The Reddit activity network contains a graph attribute type (set to “reddit”). The node attributes are: name (string showing position of the comment in the thread), date (date when the comment was authored, in DD-MM-YY format), subreddit (the subreddit from which the post is collected), user (Reddit handle or screen name of the user who authored the comment or post), node_type (‘comment’ or ‘thread’), title (NA for all nodes except that representing the original post), label (a concatenation of name and user). Because we used AddText() in the above example, there is also a node attribute vosonTxt_comment which is the text from the comment, or original post. The edge attributes is edge_type which is ‘comment’ for all edges.

The example Reddit activity network contains 768 nodes and 767 edges. The following is a visualisation of the network, where the post is indicated by a red node, and blue indicates those comments that include the words “arson” or “starting fires”.

V(activityGraph)$color <- "grey"
V(activityGraph)$color[which(V(activityGraph)$node_type=="thread")] <- "red"
ind <- grep("arson|starting fires",tolower(V(activityGraph)$vosonTxt_comment))
V(activityGraph)$color[ind] <- "blue"
png("reddit_activity.png", width=600, height=600)
plot(activityGraph, vertex.label="", vertex.size=4, edge.arrow.size=0.5)
dev.off()

Reddit activity network (red node is intial post, blue nodes are comments mentioning arson)

Merging Collected Data

Data that was collected at different times, used different collect parameters or was saved to multiple files can be merged by using functions that operate on dataframes. The data from Collect is output in tibble (dataframe) format and provided each collected data set are from the same social media type can be combined using the rbind function.
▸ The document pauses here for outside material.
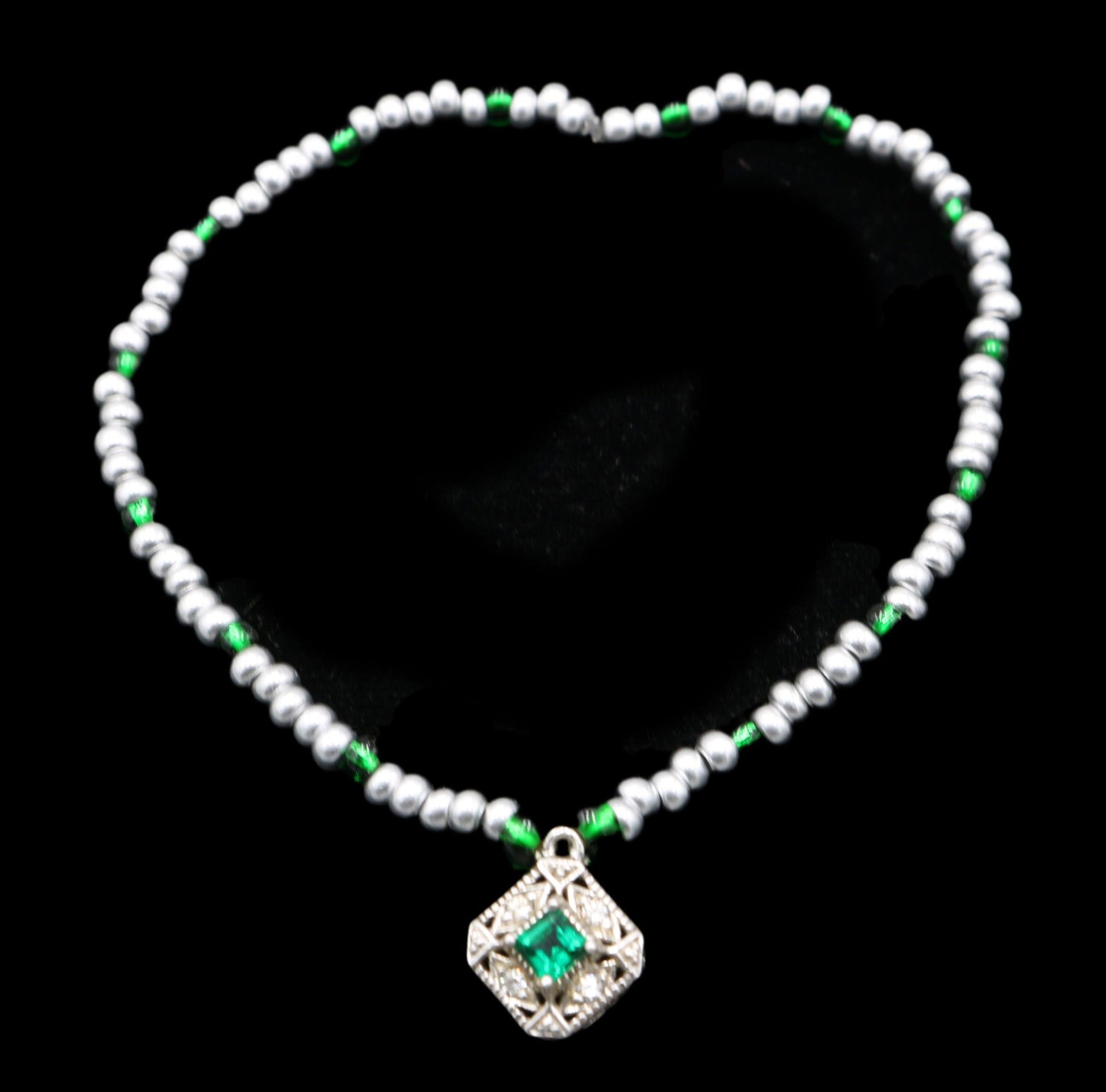 Get Down on This Abby Edwardian Style Emerald Green / Silver Toned Charm - Silver and Green Bracelet - Monkeysmojo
In the examples below or cases that involve large datasets, it can sometimes be more efficient or timely to substitute optimized functions such as dplyr::bind_rows for rbind or data.table::rbindlist instead of do.call("rbind", list).
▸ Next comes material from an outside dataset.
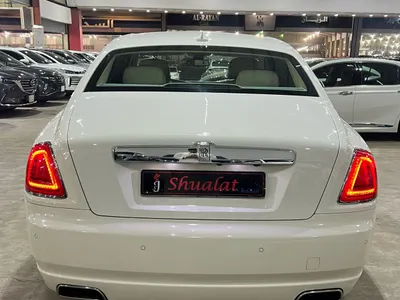 2015 رولز رويس قوست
Merging from multiple Collect operations

Data collected in the same session can be merged using the rbind function. The following twitter example combines tweet data collected using different search parameters. The result is combined most recent tweets using the #auspol hashtag and most popular tweets using the #bushfire hashtag.

# collect twitter data for the #auspol hashtag
auspolTwitterData <- twitterAuth %>%
  Collect(searchTerm = "#auspol", searchType = "recent", numTweets = 100)

# collect twitter data for the #bushfire hashtag
bushfireTwitterData <- twitterAuth %>%
  Collect(searchTerm = "#bushfire", searchType = "popular", numTweets = 50)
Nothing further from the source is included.